Sırrının faaş edilmesi sebebiyle köyünde ve çevresinde kendisine divane gözüyle bakılan Hz Veysel Karani bütün bu zorlulkar karşısında sadece Cenab-ı Hakka sığınarak üstün bir makama ermiştir .
Peygamber Efendimiz kendisine dost ilan ettiği Hz Veysel Karaniye en büyük hediye olarak mübarek hırkasını vermiştir . Peygamber Efendimiz ‘in irtihalinden sonra , vasiyeti üzerine “ Hırka-ı Şerif “ kendisine teslim edilmiş , ve bu emanet ehemmiyetle muhafaza edilerek bugüne dek getirilmiştir .

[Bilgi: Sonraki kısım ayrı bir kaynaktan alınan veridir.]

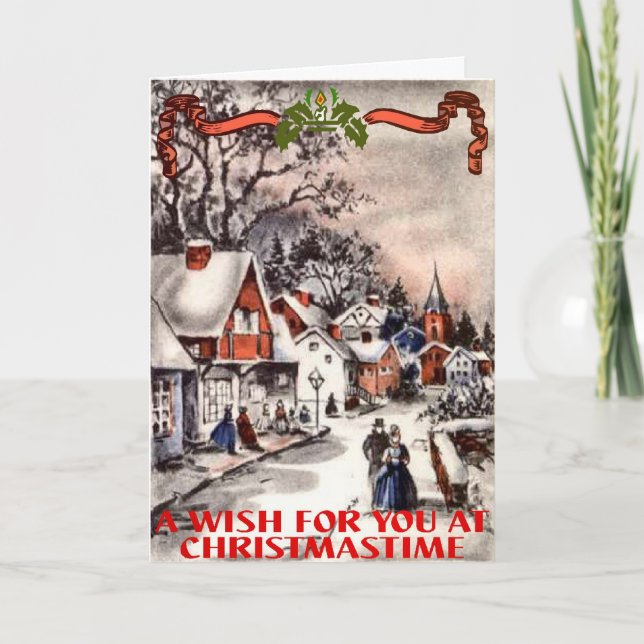 Tarjeta de Navidades de estilo antiguo (Anverso)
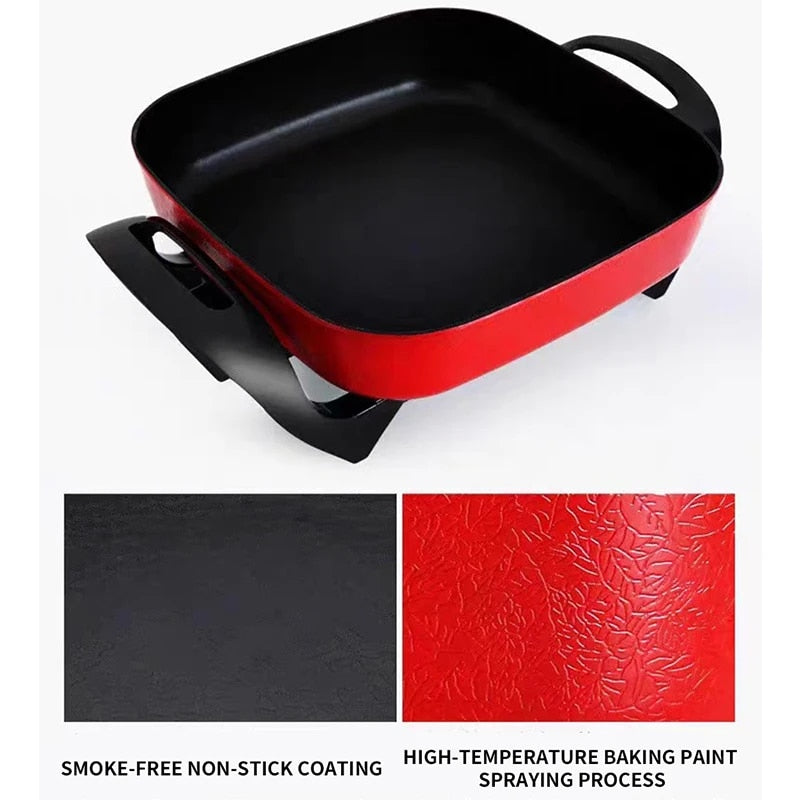 Multi functional household square pot instant hot pot electric hot pot no oil s image 2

Hz Veysel Karani Peygamber Efendimiz’i dünya gözü ile görememiştir . Bir zaman yine onu dünya gözü ile görmek ateşi içerisinde iken , annesinden sadece evinin kapısına kadar gitmek ve başka bir yere uğramadan çabucak geri dönmek kadar izin almıştı ..
Günlerce süren yolculuğundan sonra varabildiği Medine de , Peygamber Efendimiz ‘in kapısını çaldığında karşısına Hz Aişe çıkmış ve Peygamber Efendimiz’in “ Yandaki mescitte “ bulunduğunu söylemişti .
Fakat o sadece evin kapısına kadar izin aldığından üç adımlık mescide kadar gidememiş ve köyüne annesinin yanına dönmüştü .
Hz Veysel Karani , nifak tohumlarıyla bölünen Müslümanların Hz Muaviye ve Hz Ali başkanlıklarında iki grup olarak birbirleriyle karşı karşıya harb etmelerine dayanamayıp , her iki grubu da bir yapmak , barıştırmak için Sıffıyn de savaş alanında gezinirken , onun niyetini anlayan bir nifak eli şuursuzca oku yayından bırakmış ve böylece o yeryüzüne inen yıldız , mübarek naaşını toprağa emanet etmişti . sonra dahi , kerametini izhar etmiştir . Zira , mübarek naaşına Şamlılar , Bitlisliler , ve Karen liler olmak üzere üç kabile sahip çıkmış , bir türlü anlaşamamışlardı .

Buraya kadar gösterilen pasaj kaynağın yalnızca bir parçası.